**Aim of the task:** Exactly the lines from the start of the data below through the line that contains "A staircase with" are to be copied, with pictures left out.

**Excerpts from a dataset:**
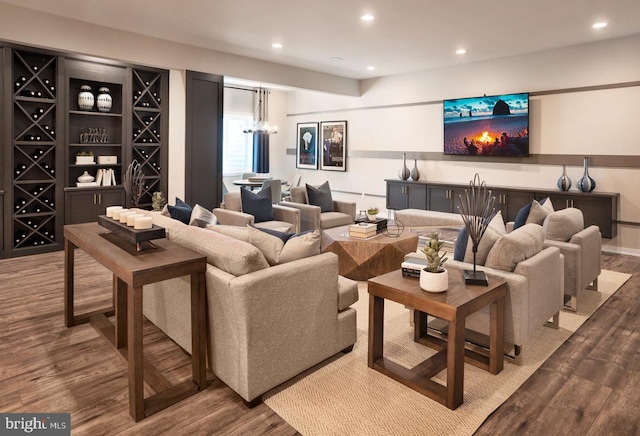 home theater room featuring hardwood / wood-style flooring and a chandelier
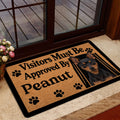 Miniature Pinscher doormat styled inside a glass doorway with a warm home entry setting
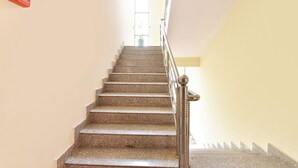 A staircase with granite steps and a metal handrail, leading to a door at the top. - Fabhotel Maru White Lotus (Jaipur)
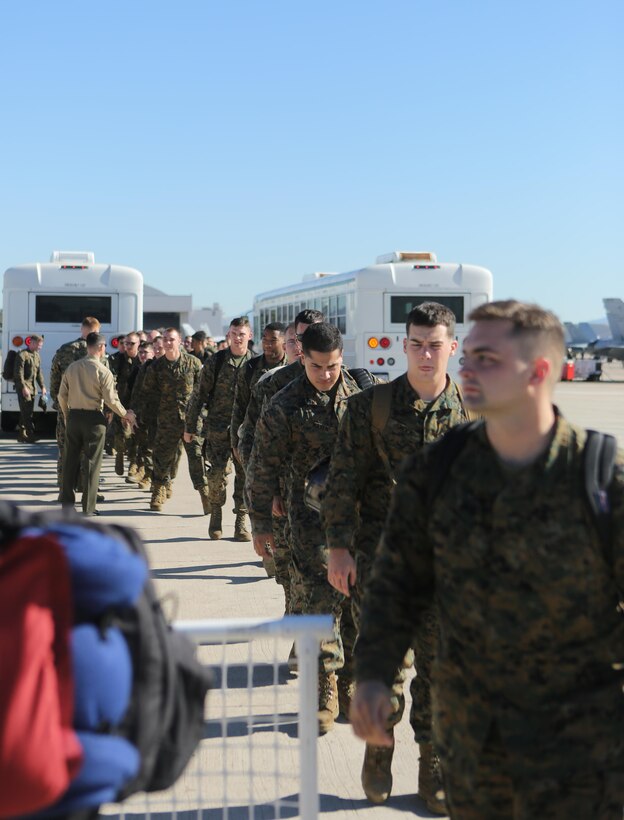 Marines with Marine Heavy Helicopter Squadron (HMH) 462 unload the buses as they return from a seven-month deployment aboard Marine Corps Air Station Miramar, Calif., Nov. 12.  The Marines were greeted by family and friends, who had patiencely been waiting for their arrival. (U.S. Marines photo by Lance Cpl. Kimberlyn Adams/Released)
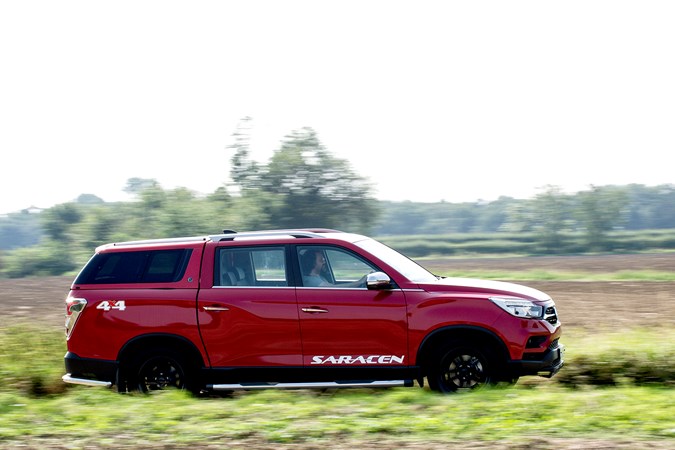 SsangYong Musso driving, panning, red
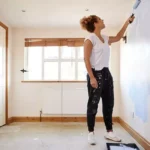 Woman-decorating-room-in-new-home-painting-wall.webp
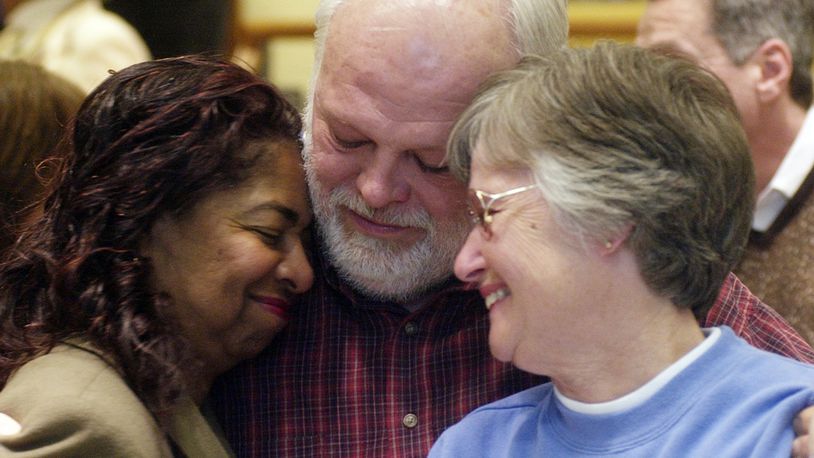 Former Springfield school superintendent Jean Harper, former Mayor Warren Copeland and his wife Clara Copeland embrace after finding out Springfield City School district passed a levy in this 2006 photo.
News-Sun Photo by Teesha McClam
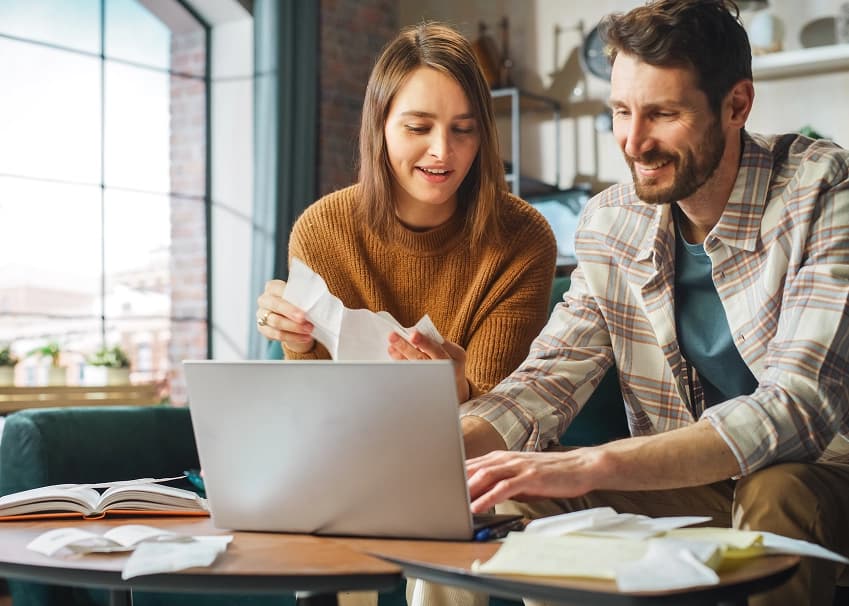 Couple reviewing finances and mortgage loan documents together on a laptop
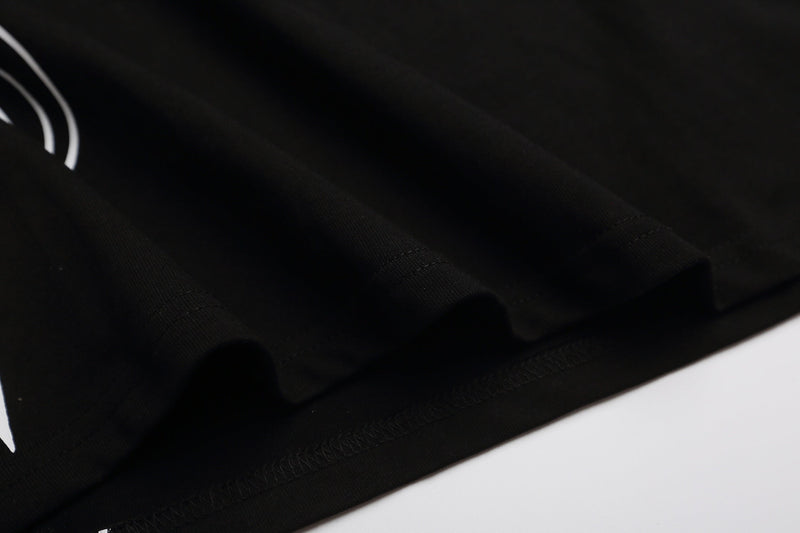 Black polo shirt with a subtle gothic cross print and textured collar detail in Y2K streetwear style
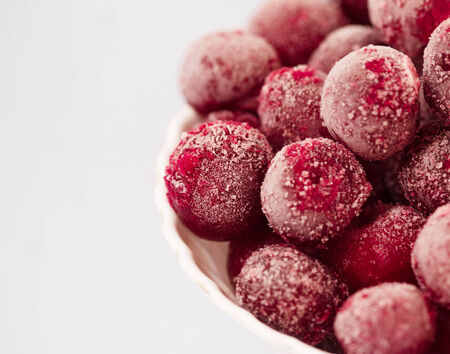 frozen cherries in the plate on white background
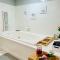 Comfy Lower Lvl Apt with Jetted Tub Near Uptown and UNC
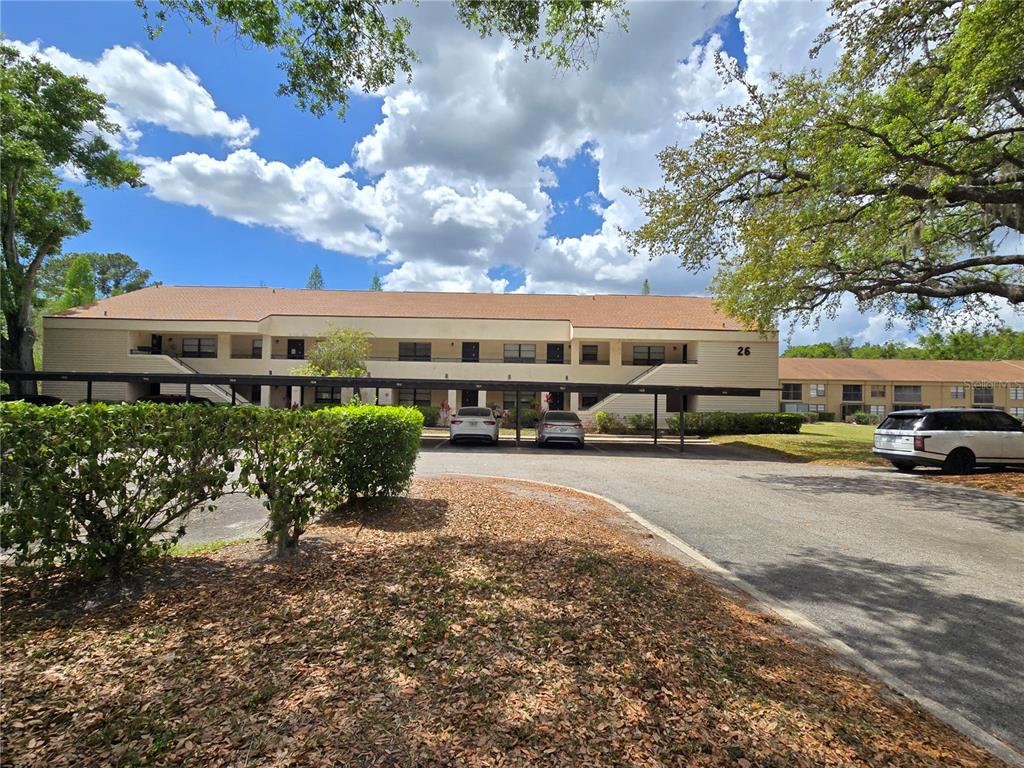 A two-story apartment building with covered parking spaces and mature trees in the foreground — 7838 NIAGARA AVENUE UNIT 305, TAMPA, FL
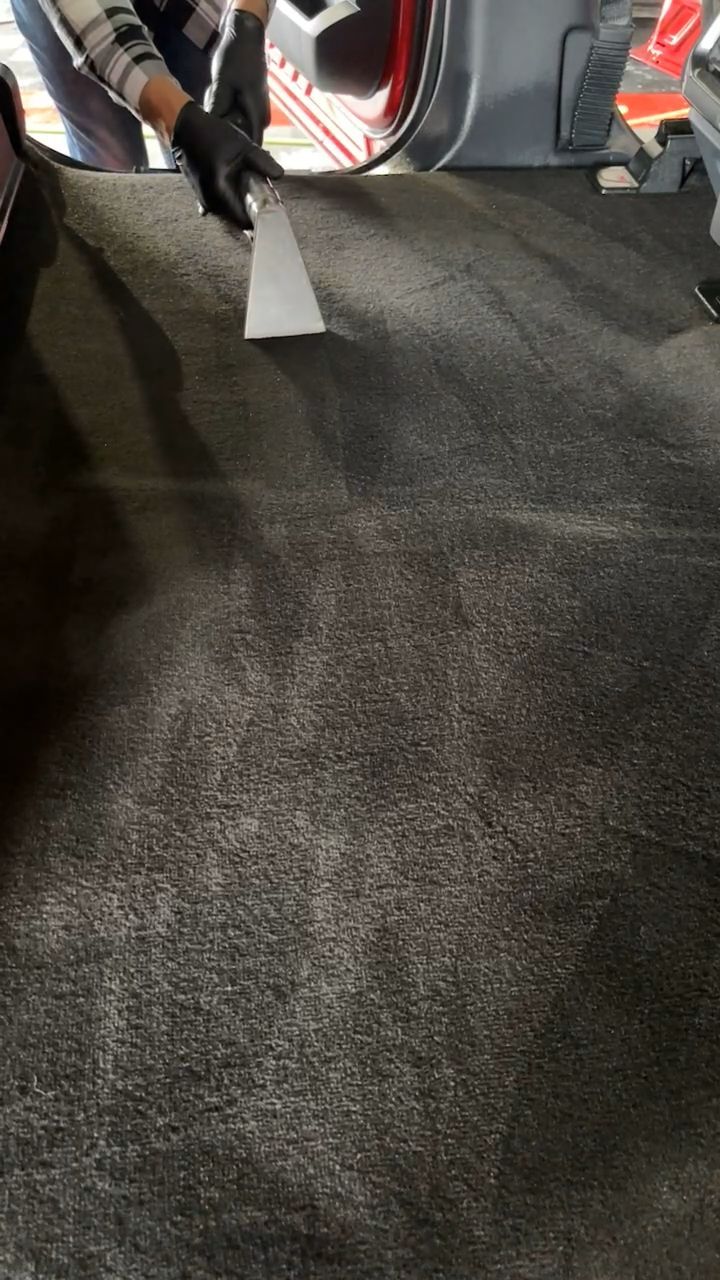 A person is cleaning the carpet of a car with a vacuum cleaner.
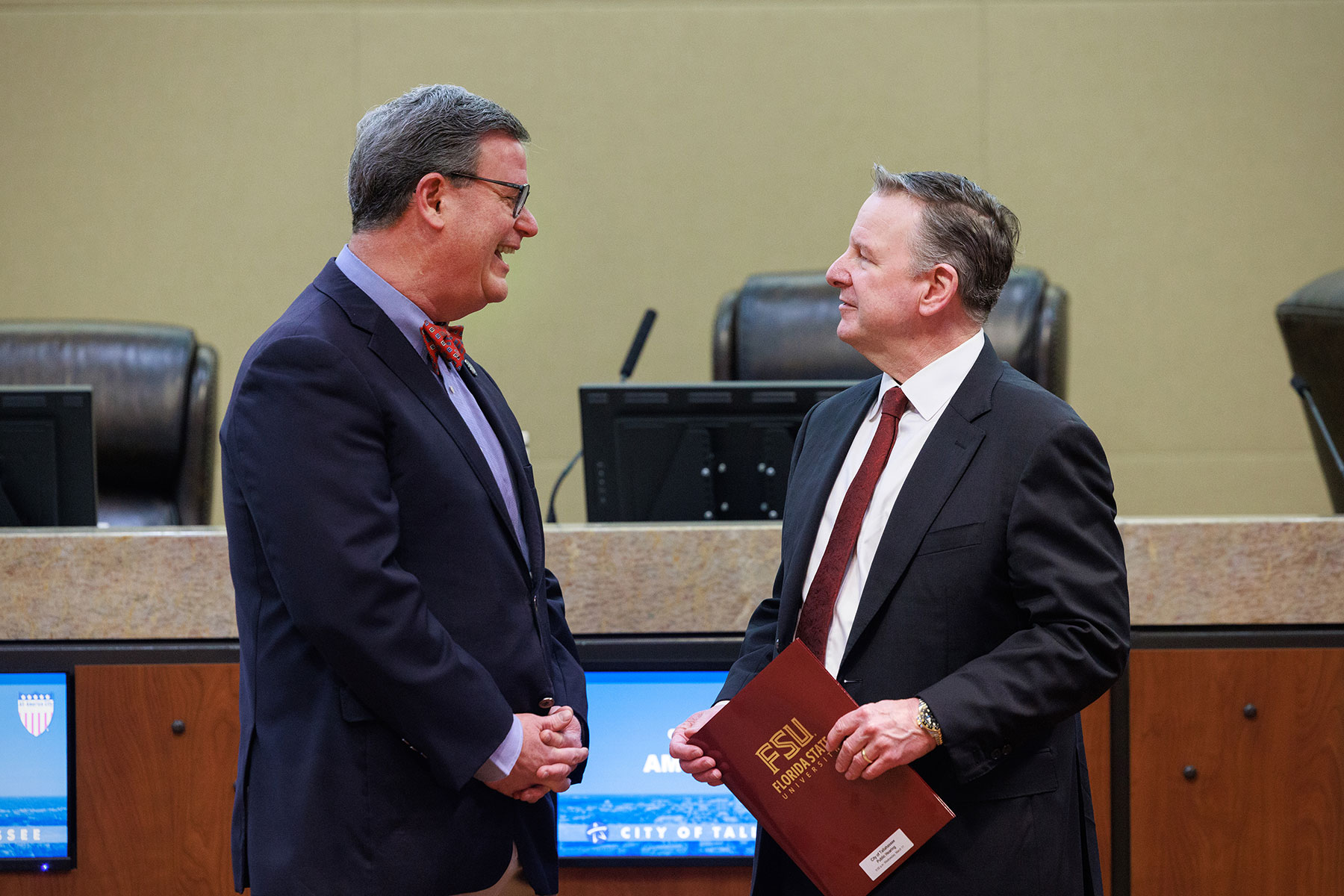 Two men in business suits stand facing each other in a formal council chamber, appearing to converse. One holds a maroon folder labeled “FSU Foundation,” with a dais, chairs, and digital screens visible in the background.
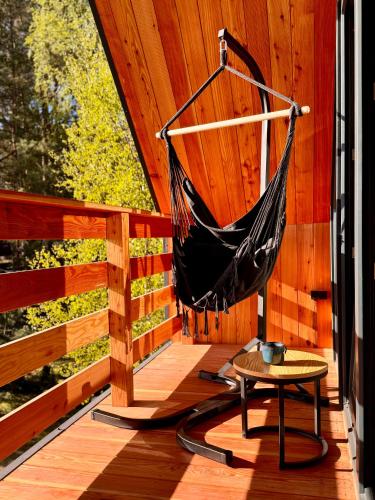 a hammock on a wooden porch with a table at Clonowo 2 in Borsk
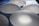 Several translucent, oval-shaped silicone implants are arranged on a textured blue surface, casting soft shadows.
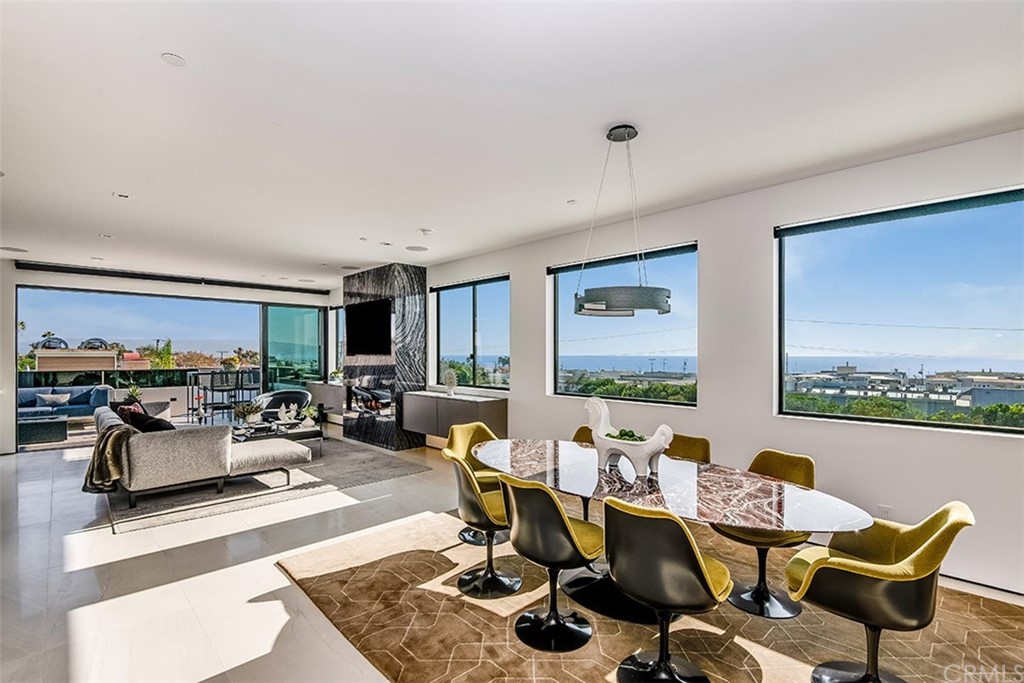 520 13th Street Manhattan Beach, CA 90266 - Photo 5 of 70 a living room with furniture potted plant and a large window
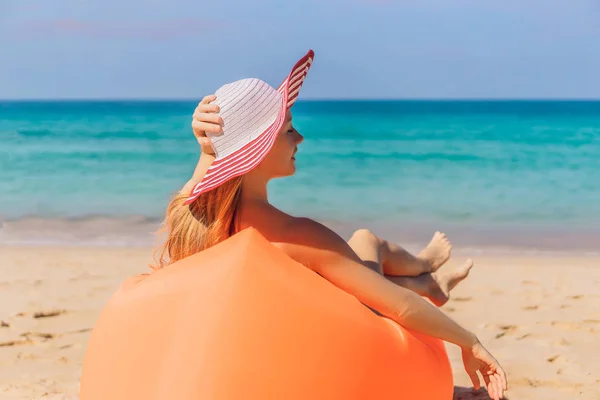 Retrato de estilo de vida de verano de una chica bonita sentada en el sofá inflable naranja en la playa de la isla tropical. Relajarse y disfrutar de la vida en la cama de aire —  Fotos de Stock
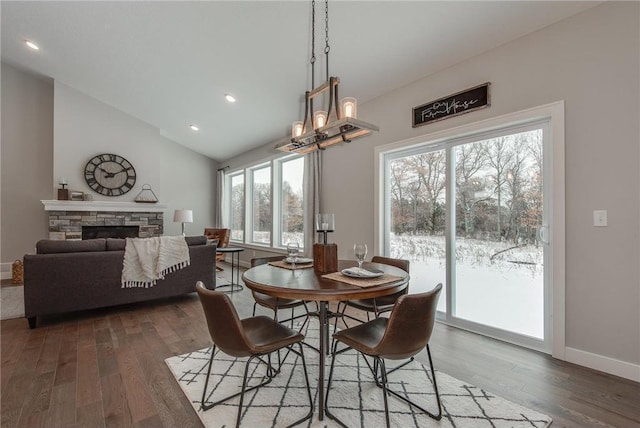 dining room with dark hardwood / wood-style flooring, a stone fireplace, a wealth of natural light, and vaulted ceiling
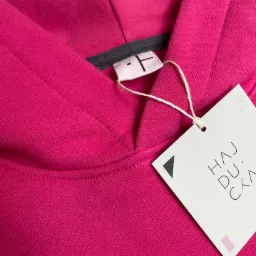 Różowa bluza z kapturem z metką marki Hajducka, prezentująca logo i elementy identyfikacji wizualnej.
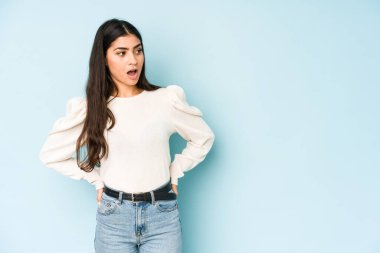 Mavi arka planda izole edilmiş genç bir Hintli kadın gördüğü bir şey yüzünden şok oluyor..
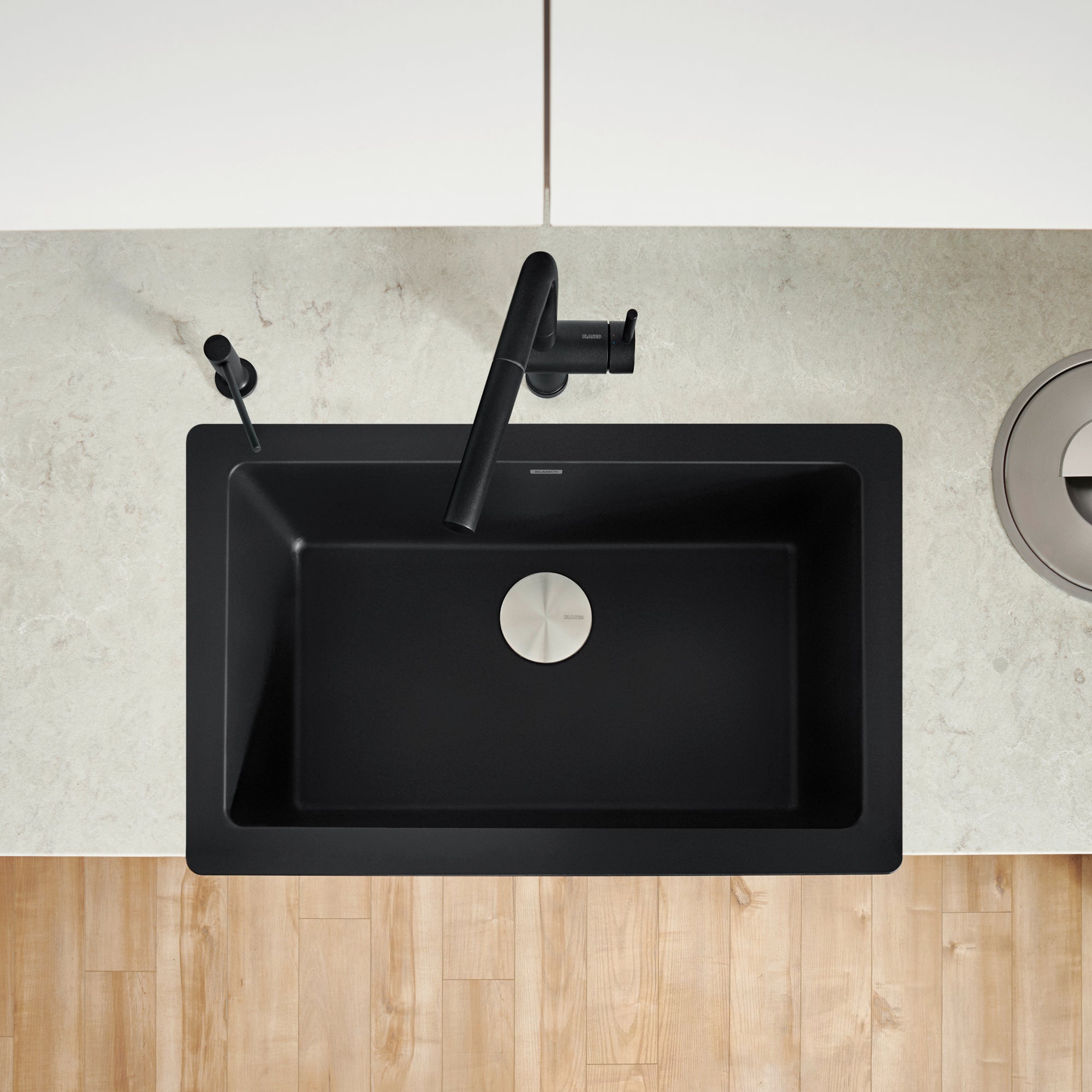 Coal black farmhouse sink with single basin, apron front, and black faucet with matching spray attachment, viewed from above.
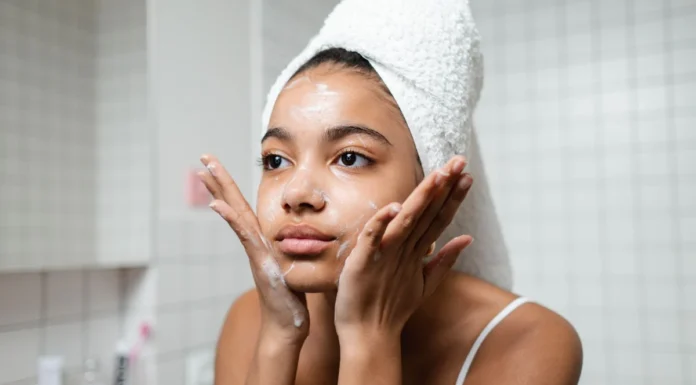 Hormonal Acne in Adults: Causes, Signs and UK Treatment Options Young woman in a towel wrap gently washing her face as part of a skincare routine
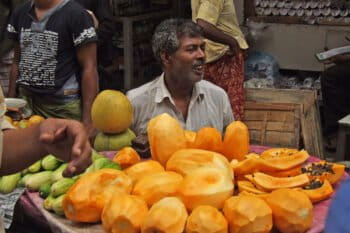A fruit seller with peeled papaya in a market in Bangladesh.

**Task response:**
 home theater room featuring hardwood / wood-style flooring and a chandelier
 Miniature Pinscher doormat styled inside a glass doorway with a warm home entry setting
 A staircase with granite steps and a metal handrail, leading to a door at the top. - Fabhotel Maru White Lotus (Jaipur)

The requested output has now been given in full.